From A to Z and back again

No sooner had the manager announced that day’s specials – prawns sautéed with a Campari reduction and suckling pig – at Al Duca , the well-priced Italian restaurant in St. James’s which Claudio Pulze has owned for the past five years, than Pulze ordered them both. "When you are the owner you have to try everything," he explained with his customary smile.

If that is a leitmotif for success in the volatile restaurant business – and Pulze’s successful track record in London goes back to April 1974 when he opened Montpeliano in Knightsbridge – then Pulze’s diet is going to consist of a long run of daily specials.

In addition to the three restaurants he controls (Al Duca, Deya and Zaika), he also owns between 25 and 33 per cent of another five – Edera, Fiore, Latium, Lucio and Cantina Vinopolis. And he has just completed the purchase via the receivers BDO Stoy Hayward of a further seven restaurants which formed the most profitable nucleus of the A-Z restaurant group which Pulze not only launched in 1992 but also named (A stands for Aubergine, Z for Zafferano while the others are Alloro, L’Oranger, Spiga in Soho and two branches of Ken Lo’s Memories of China).

I wanted to catch up with Pulze to see whether revenge, that well known culinary dish best served cold, had played a part in his calculations. A-Z restaurants was initially a three-way partnership with Giuliano Lotto, Pulze, who had resigned in 1998, and Franco Zanellato who had sold out in 2001. Now Pulze and Zanelatto were taking over again with a third partner to beat off 30 other competitors to pay the receivers £6.5 million plus a further £500,000 for stock to gain control of seven restaurants with a combined annual turnover of £15 million.

"There wasn’t a second’s thought of revenge,” Pulze claimed, “although I do feel sorry for my former partner because he had an accident some years ago which forced him to bring in what in my opinion was too much expensive management and his bankers do seem to have been over hasty. They pulled the plug when they were owed £3.5 million but the receivers seem to have got far more than that. No, the problem is that when I hear about restaurants I get too excited and this was just too good an opportunity to miss. I couldn’t let it pass. For the past five years I have been not a player but a playmaker, putting sites, backers and chefs together, most recently bringing Umberto Vezzoli, whom I consider a very talented chef, over from Rome to open Fiore.

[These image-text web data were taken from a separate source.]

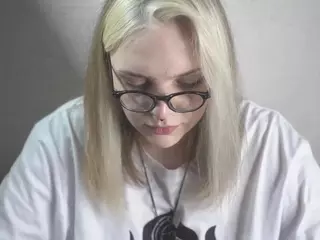 MarianElin's Live Sex Cam Show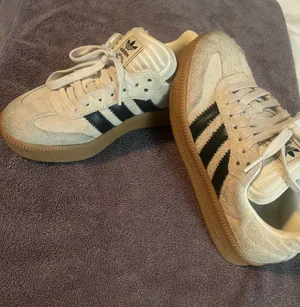 Adidas Men’s Sneakers thumbnail 1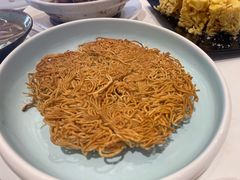 韭黄肉丝两面黄-白天鹅宾馆-宏图府餐厅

Now I am back in the deep end.”

And, he added, it is a troubled deep end. “Business in the West End has never been as difficult as it is today. The competition is intense and the combination of the congestion charge, high taxi fares, rent and rates are making a restaurateur’s life very difficult. But that was one major incentive to buy these particular seven. Although they have been somewhat neglected physically they still made a profit of £1.3 million to July 2004. If they can do that when times are tough they must be good businesses and I think we can improve their profitability by 20 to 30 per cent.”

Pulze intends to adopt two proven techniques to achieve this. The first, somewhat incongruously, stems from running a group of diverse, independently managed restaurants which serve very different menus and are allowed to buy autonomously. “What collectively the weekly figures from these Italian, Indian and Chinese restaurants provide is a much broader spectrum of management information. There is a bigger database which highlights anomalies in pricing and gross profits which in turn helps us to identify the best suppliers.”

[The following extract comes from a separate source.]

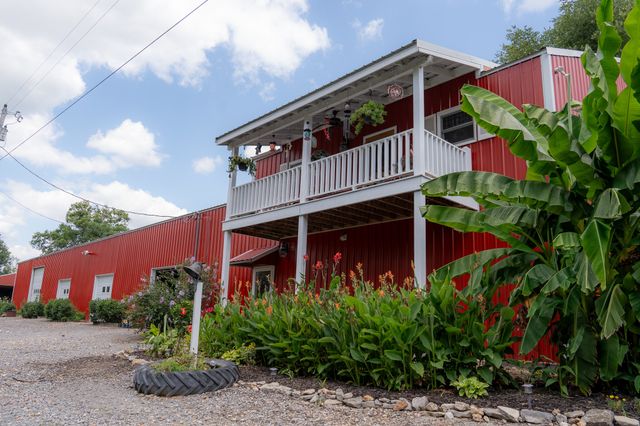 27 Bishop Hollow Ln, Pleasant Shade, TN 37145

The second, and this may come as an unpleasant surprise to the staff at A-Z restaurants who chose to back Pulze’s bid rather than another backed by Gordon Ramsay and Giorgio Locatelli (both once in partnership with Pulze at Aubergine and Zafferano) is his management approach, details of which were slightly delayed as Pulze dealt with the crackling on his suckling pig.

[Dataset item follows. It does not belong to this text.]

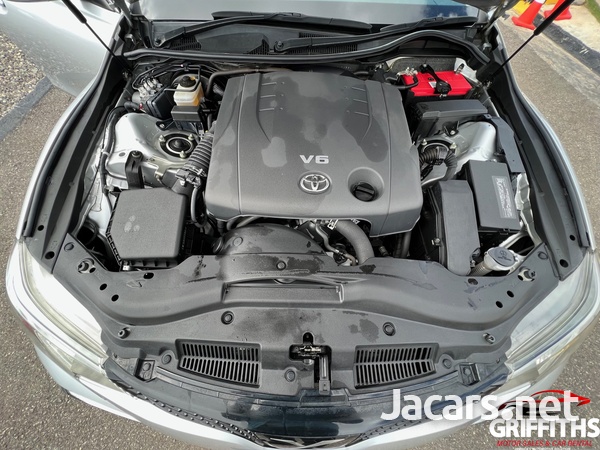 Toyota Mark X 2,5L 2017-15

“It is just like riding a horse. If you are not a good rider and you get on a horse then the horse recognises this immediately and takes charge. It’s the same with restaurants. You either drive them or they drive you, “ he added.

Pulze does not want to appear a bully but rather a pragmatist who has come to appreciate that a restaurant’s staff, its profitability and ultimately its customer satisfaction are closely intertwined. “The level of profitability depends on just how disciplined the staff are and this necessarily trickles down from the top. My managers and chefs have to know that I am looking after them. They have got to be continually motivated to do the very best they can. In essence, restaurants are very simple affairs – after all it is just a question of providing the right food and the right atmosphere at the right price. In practice, it is much more difficult, like a juggling act when you can never take your eyes of the balls and particularly so at the moment when you have to ensure that the customer gets great value for money.”

But despite all this, Pulze still has doubts. “Is the timing right? I don’t know. Come back in a year to congratulate me or to commiserate with me. But I’m Italian and there is a sense of destiny. What will be, will be.” But as I left the restaurant I couldn’t help noticing Pulze deep in conversation with the manager, doubtless trying to motivate him and, via him, the rest of his team.